A nanometric Rh overlayer formed on a metal foil substrate enables much higher turnover frequencies in NO reduction than the Rh nanoparticles used in conventional three-way catalysis. However, the thermal stability of the Rh overlayer structure needs to be improved for practical applications. In the present study, a Zr buffer layer inserted between the Rh overlayer and the foil substrate efficiently overcame the thermal deterioration at 900 °C for 25 h. A honeycomb catalyst consisting of a 7 nm-thick Rh overlayer, a 500 nm-thick Zr buffer layer and a 30 μm-thick Fe–Cr–Al metal (SUS) foil was prepared by pulsed arc-plasma deposition.
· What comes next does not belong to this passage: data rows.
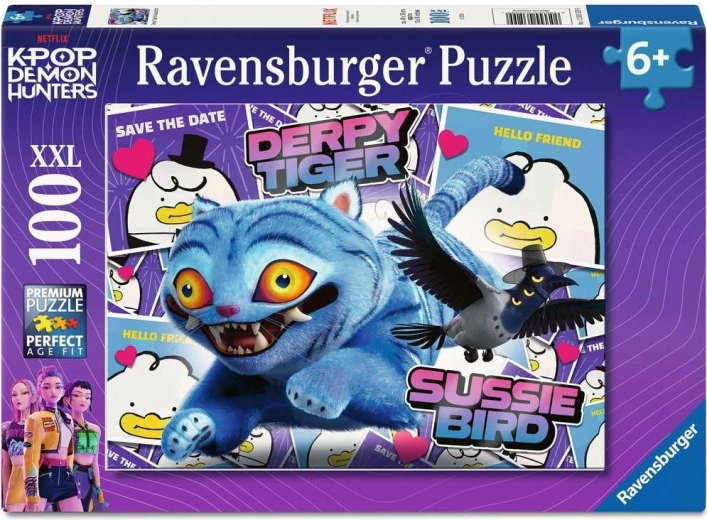 Puzzle Ravensburger K-pop : Tigre loufoque et oisillon Sussie XXL 100 pièces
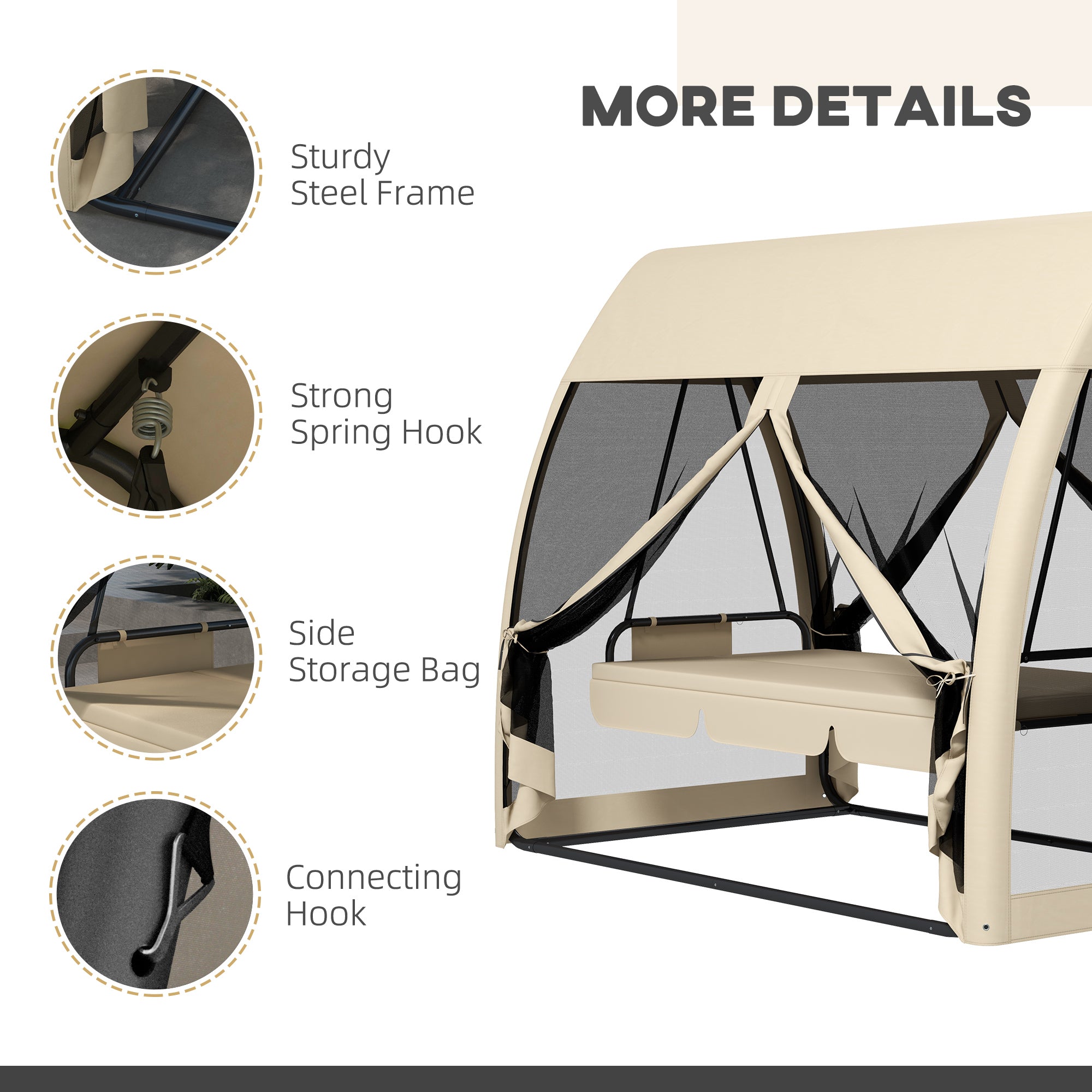 Outsunny 3-Seater Outdoor Swing Chair Chaise Lounger Bed Garden Hammock with Steel Stand, Canopy Netting Walls, Beige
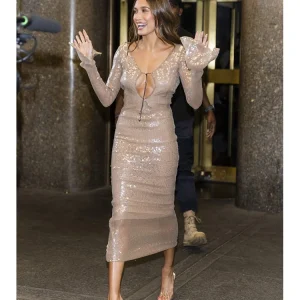 Luxury Sequins Deep V Long Sleeve Backless Sequins Long Dress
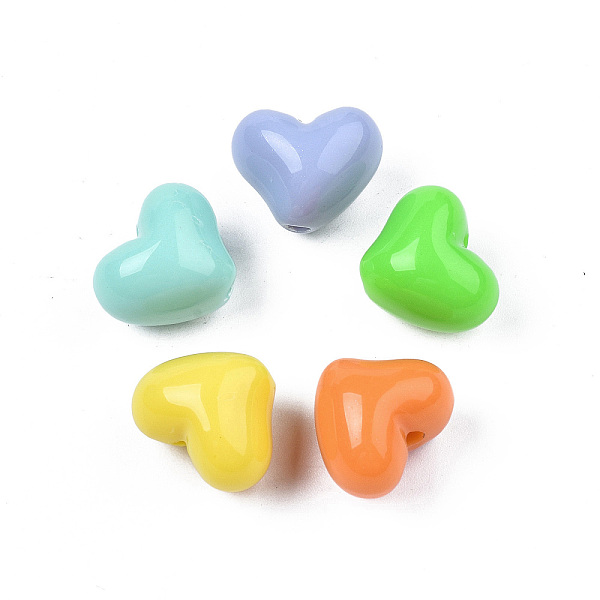 

PandaHall Opaque Acrylic Beads, Heart, Mixed Color, 13.5x16.5x13mm, Hole: 2mm, about 305pcs/500g Acrylic Heart Multicolor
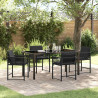 Conjunto de Comedor de Jardín 5 pcs Negro ratán sintético 1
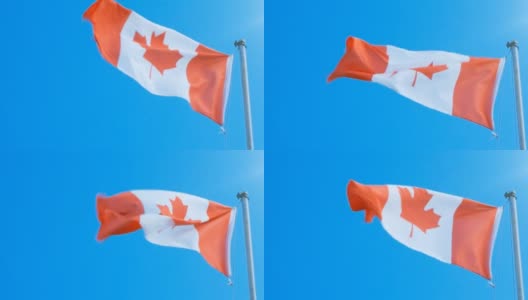 加拿大国旗在风中慢慢飘扬高清在线视频素材下载
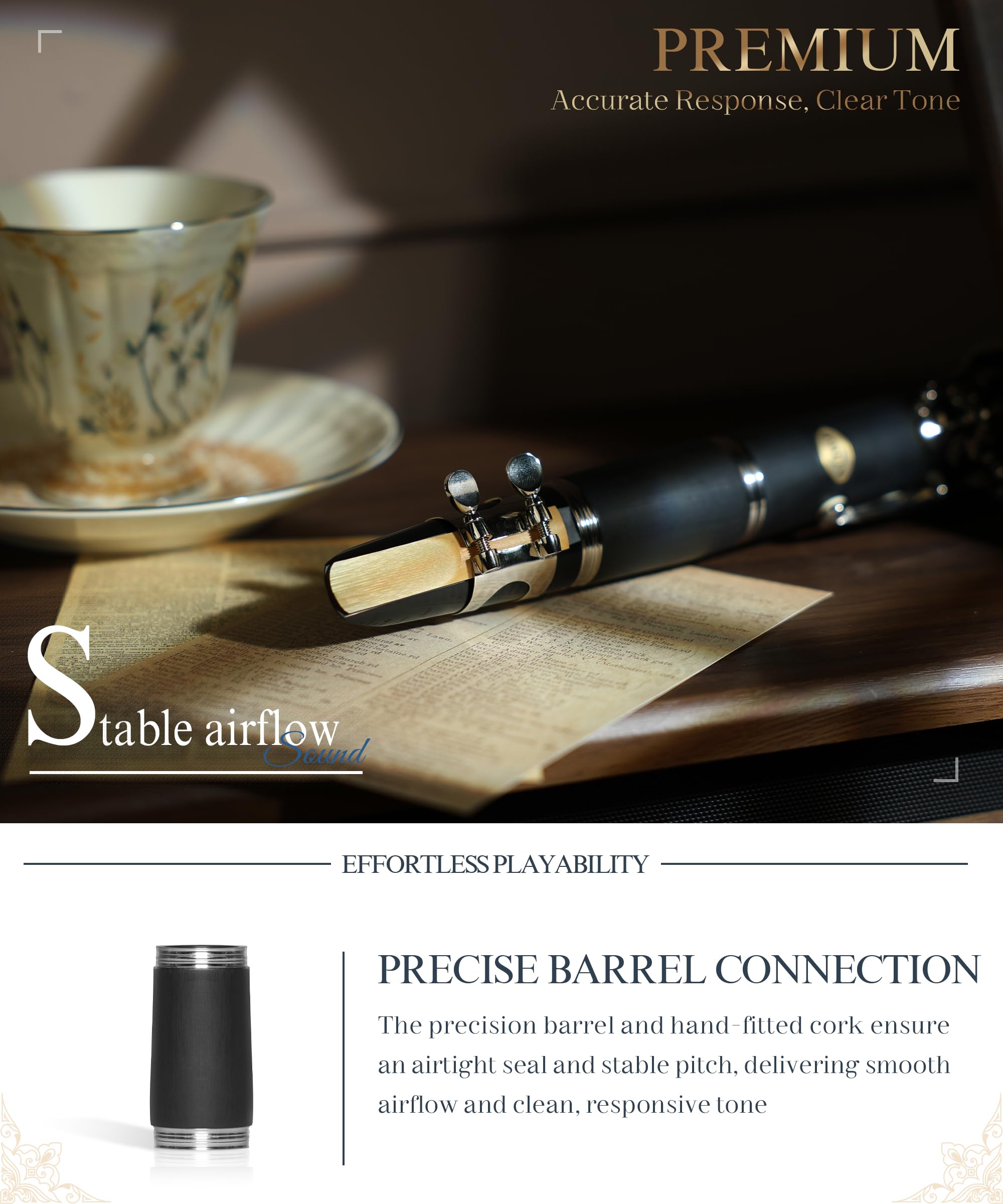 AKLOT B Flat Concert Clarinet: Precision Tone Hole Design for Stable Intonation, Durable Nickel-Plated Keys, Including Stylish Case, Barrel, Full Clarinet Cleaning Kit (Ember-MN)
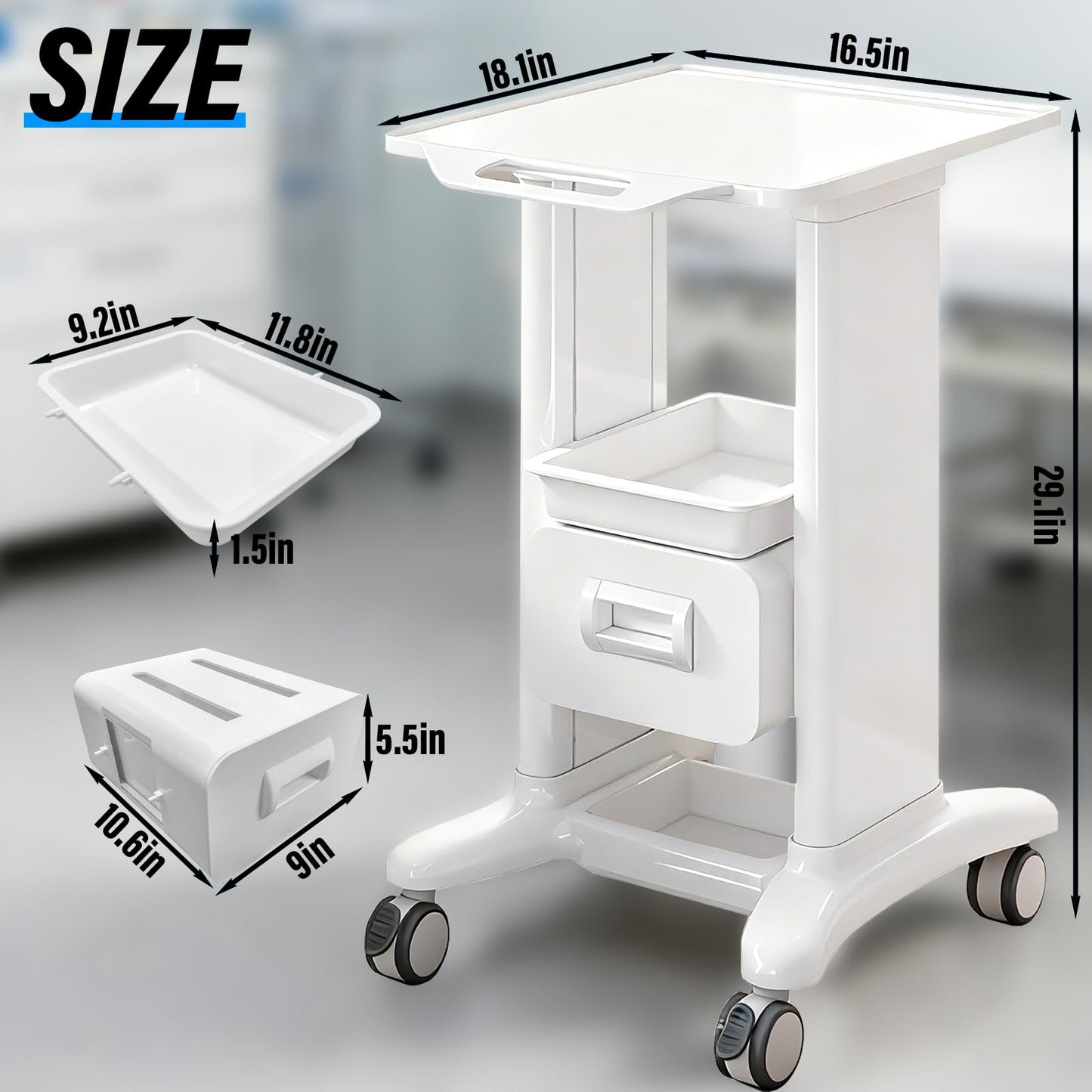 Medical Trolley Cart Mobile with Drawers, Hospital Ultrasound Cart with 4 Silent Swivel Wheels, Portable Medical Trolley Carts, 225 LBS Load, for Beauty, Salon, Clinic and Lab (White, Single Drawer)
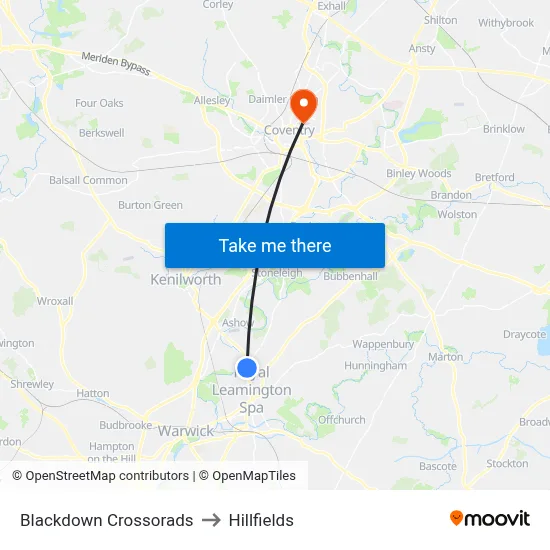 Blackdown Crossorads to Hillfields map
After thermal ageing, the Rh/Zr/SUS demonstrated steep light-off characteristics in simulated NO–CO–C₃H₆–O₂ reactions. In contrast, the neat catalyst without the buffer layer (Rh/SUS) was totally deactivated by the Al₂O₃ passivation layer that formed over the active Rh overlayer. The Zr buffer layer preserves the outermost surface of the Rh overlayer by blocking the interaction between the Rh and Al₂O₃ layers. Consequently, the Rh surface coverage of Rh/Zr/SUS exceeded 80% after thermal ageing at 900 °C, versus almost 0% for Rh/SUS.